So -- over on Tumblr, someone made the comment that you can't call out people for their ableism if they don't know what 'ableism' means. So when we in the disability community talk about it, we're basically preaching to the choir.

So I've decided to post a definition of 'Ableism' with slightly different phrasing each time every couple of days. ...Most of the definitions are my own words (or will be). One is from Merriam-Webster Online, and one is from Disability Rhetoric by Jay Timothy Dolmage.

Here are the ones I've got, so far:

1) Ableism is when you discount someone's humanity because they do not have all the 'standard' abilities we're taught to expect.

2) Ableism is when you accept a culturally contrived 'standard' of human ability, and measure the value of a human life against that standard.

3) Ableism renders disability as abject, invisible, disposable, less than human, while able-bodiedness is represented as at once ideal, normal, and the mean or default. [That's Dolmage's)

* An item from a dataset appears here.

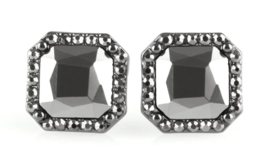 Paparazzi Act Your Ageless Black Post Earrings - New - $4.50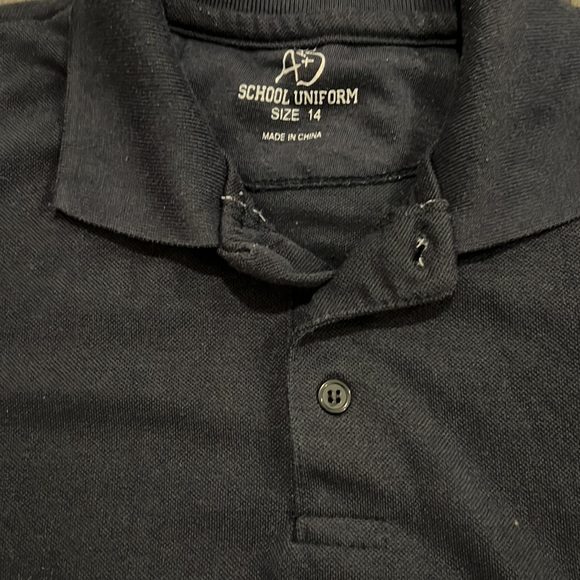 Set shirts size 12 & 14 dark blue in 9/10 condition - Picture 4 of 6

4) 'Ableism' is the idealization of ability.

It is a bias that credits anyone who has abilities we admire with good moral character, while discrediting the moral character of disabled people.

5) 'Ableism' is a subconscious filter in our perception; it only lets those with a 'full set of abilities' into the category of 'human.' Those with less than a 'full set' are often treated as inconsequential, or even invisible.
jesse_the_k: That text in red Futura Bold Condensed (be aware of invisibility)

[personal profile] jesse_the_k 2017-09-23 02:57 pm (UTC)(link)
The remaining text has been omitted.